Work task -
Please keep pictures out and return the lines below exactly, from the one holding "Östliche Pfade Katarzyna" through the last, both included.

Materials provided -
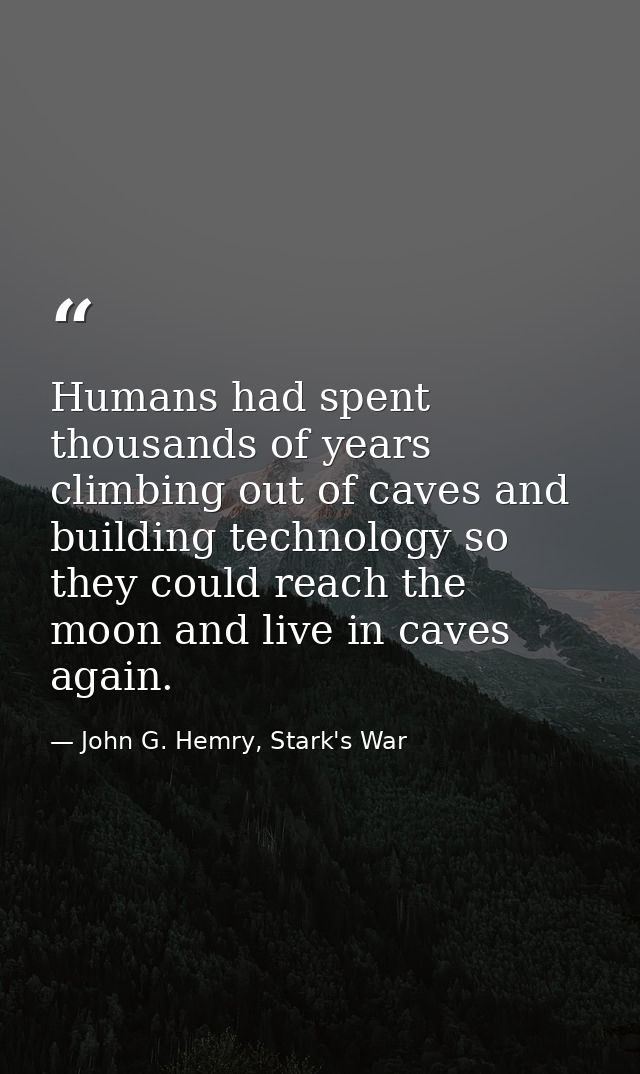 Humans had spent thousands of years climbing out of caves and building technology so they could reach the moon and live  — John G. Hemry, Stark's War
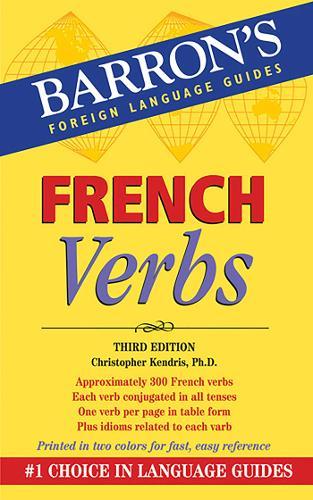 French Verbs (Barron's Foriegn Language Guides) (3Rd)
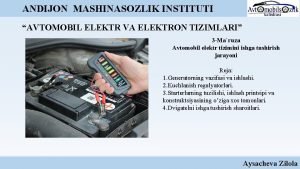 NDIJON MASHINASOZLIK INSTITUTI AVTOMOBIL ELEKTR VA ELEKTRON TIZIMLARI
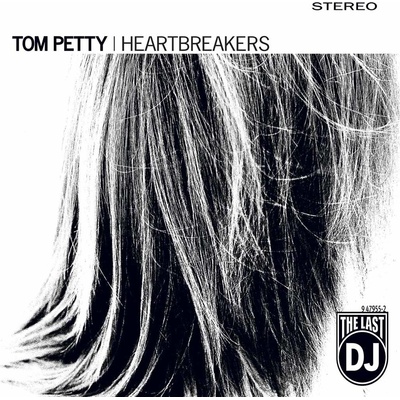 PETTY TOM & THE HEARTBRE: LAST DJ HQ LP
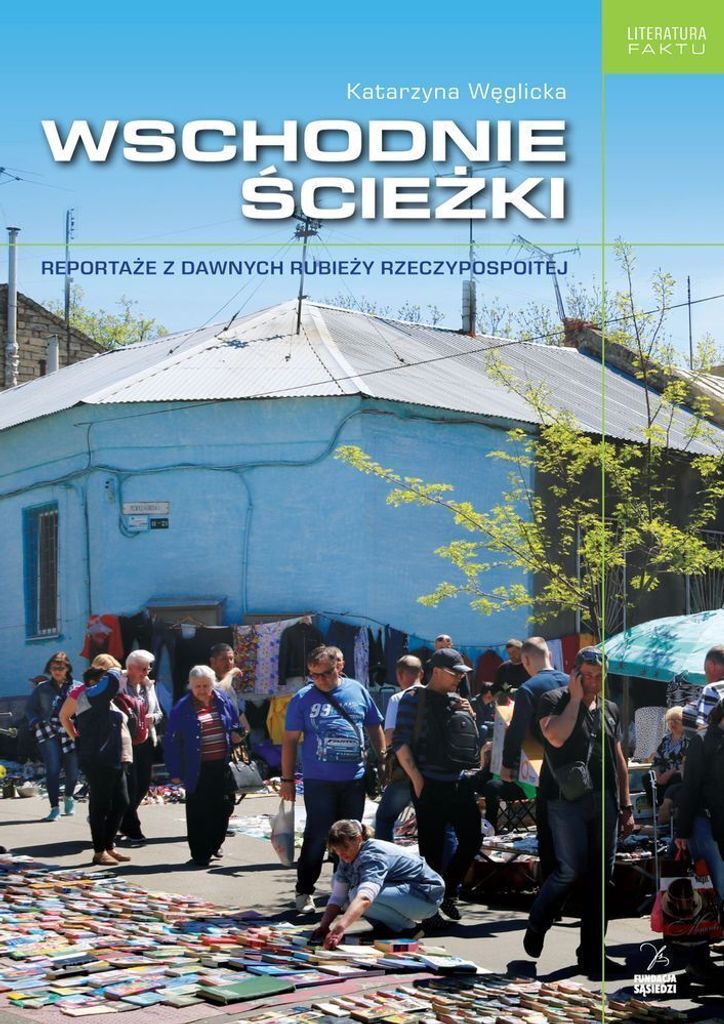 Östliche Pfade Katarzyna Wêglicka (Buch auf Polnisch)
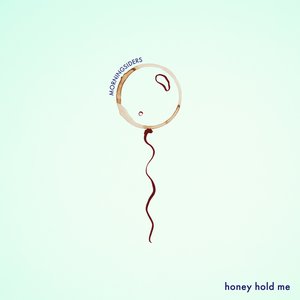 Honey Hold Me - Single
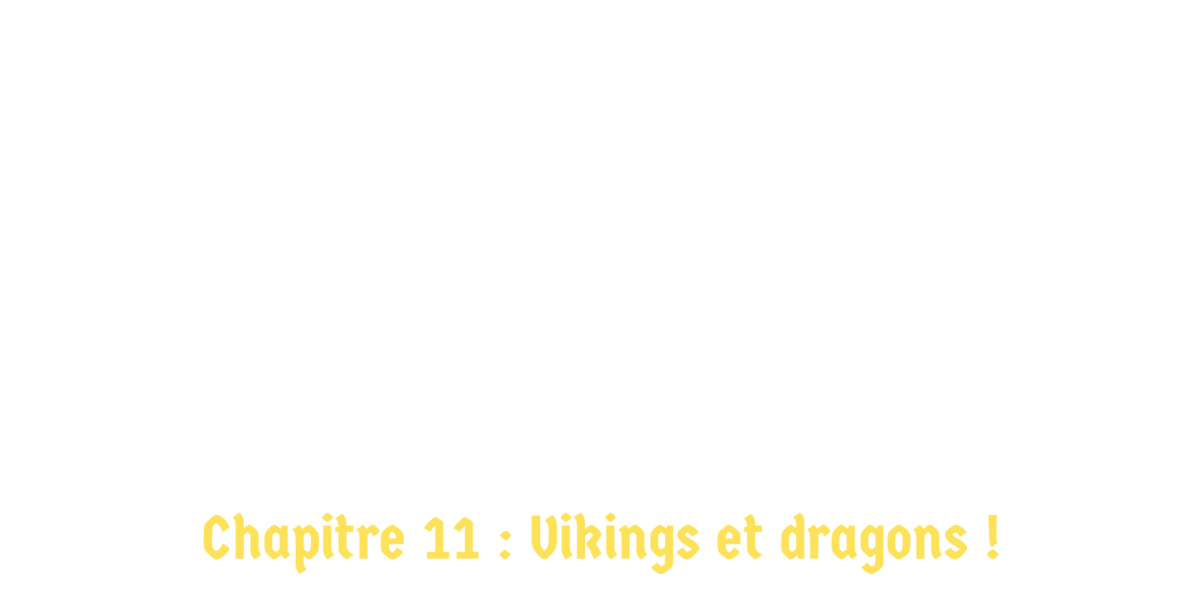 Yggdrasil Fort Fort Lointain, 5 & 6 septembre 2026. Chapitre 11 : Vikings et dragons !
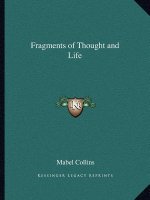 Fragments of Thought and Life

Response below -
 Östliche Pfade Katarzyna Wêglicka (Buch auf Polnisch)
 Honey Hold Me - Single
 Yggdrasil Fort Fort Lointain, 5 & 6 septembre 2026. Chapitre 11 : Vikings et dragons !
 Fragments of Thought and Life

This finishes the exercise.